In his quirky but groundbreaking book, Operating Manual for Spaceship Earth, Buckminster Fuller pointed out that if you are aboard a sinking ship, even a floating piano top can look extremely promising. But Fuller also notes that this doesn’t mean a piano top is the ideal design for a flotation device.
To continue the metaphor, in the absence of anything like a global plan to combat the planetary climate crisis, we seem to be searching the horizon for piano tops, forcing ourselves into a series of more and more uncomfortable decisions regarding energy, resources and the ecology that supports us. In almost every sphere of the environmental movement, you see strategies once considered beyond the pale under serious consideration–only because the options grow worse and worse each day. Should we allow hydro-fracturing for shale gas if it keeps us from using the even more damaging Canadian tar sands? If we could eliminate mountaintop removal to extract coal by ramping up our nuclear power output shouldn’t we consider doing that? Even if tomorrow there were some miraculous global compact to transition to 100% renewable energy, these questions would need to be resolved to determine how we bridge to that desired outcome.
A recent addition to this growing list of uncomfortable strategies under consideration is geoengineering: the science of intentionally altering the earth’s atmosphere to curb the rise in average global temperature. As we continue to burn fossil fuels at a breakneck pace and as negative feedback loops in the global system (like the growing seasonal reductions in the polar ice cap or the release of methane from melting permafrost grow worse much more quickly than expected, a growing chorus advocates for a dramatic response: injecting sulfate particles into the atmosphere that will reflect significant amounts of the sun’s heat, thereby slowing the rise in global temperature. What might once have sounded liked science fiction is being studied and discussed by reasonable, intelligent people with no particular ax to grind.
A few weeks back Michael Specter at the New Yorker did a wonderful job of summing up the recent scientific activity in the field, and there have been other discussions of the subject at Scientific American and Wired. Yale 360 surveyed the pros and cons here.

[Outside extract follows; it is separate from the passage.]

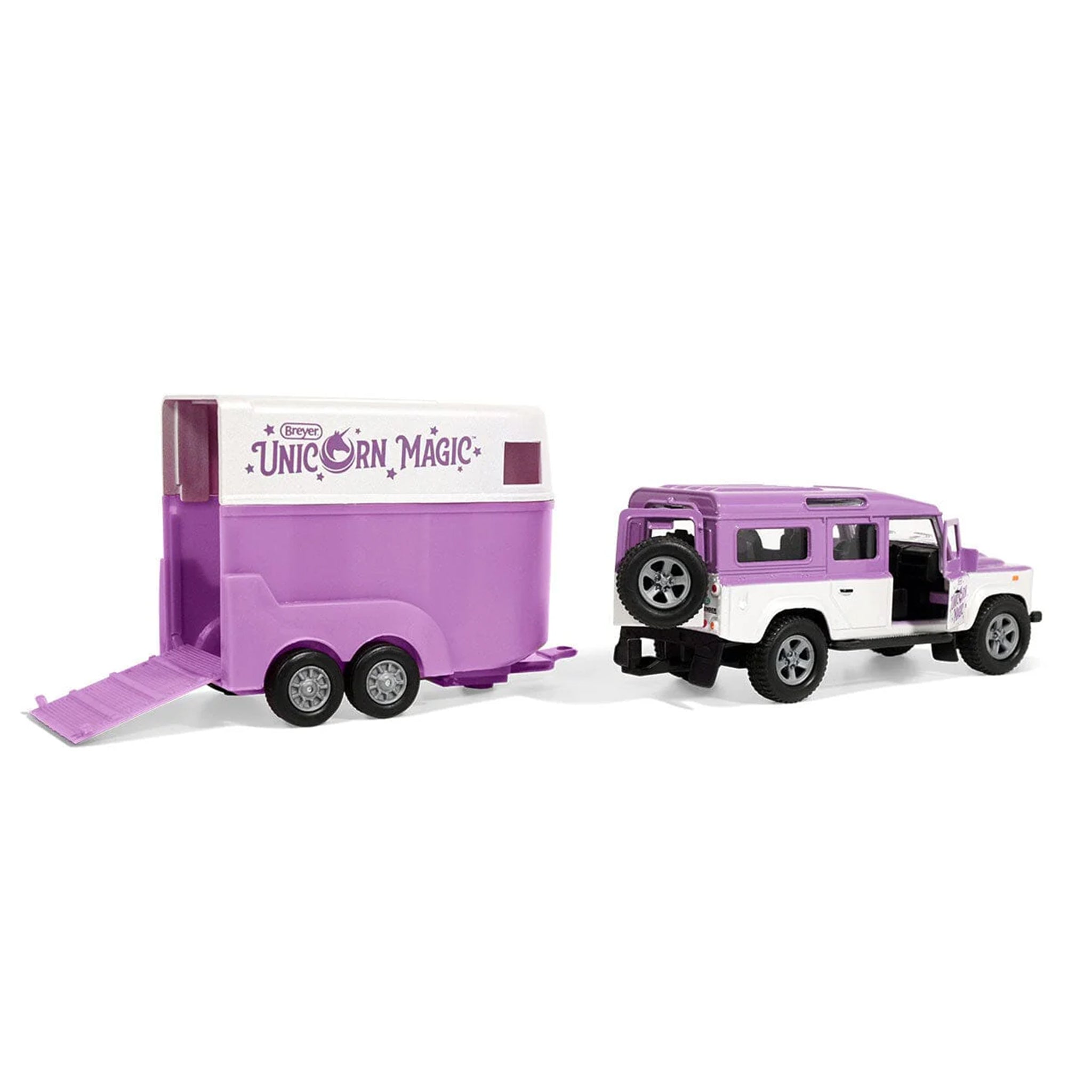 Breyer Stablemates Unicorn Magic Land Rover and Tag-A-Long Trailer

The basic idea is to mimic a major volcanic eruption, without the big bang and the earthquakes. When Mount Pinatubo erupted in 1991, huge quantities of sulfur dioxide were released into the atmosphere and a period of global cooling followed. Scientists surmise that a continued infusion of sulfates would result in long-term cooling of global average temperature. Tinkering with the earth’s atmosphere is not for the faint of heart. Somehow filling the atmosphere with sulfates would need to happen every year, in perpetuity, or the cooling effects would cease. Perhaps more importantly, many are concerned that even discussing the concept of geoengineering will give those that are already complacent about climate change an excuse to ignore the subject entirely under the assumption that a simple technical fix will be found. Others have pointed out that simply reflecting the sun’s heat while continuing to pump CO2 into the atmosphere will do nothing to curb acidification of our oceans, one of the most dreadful and largely ignored impacts of the current climate crisis.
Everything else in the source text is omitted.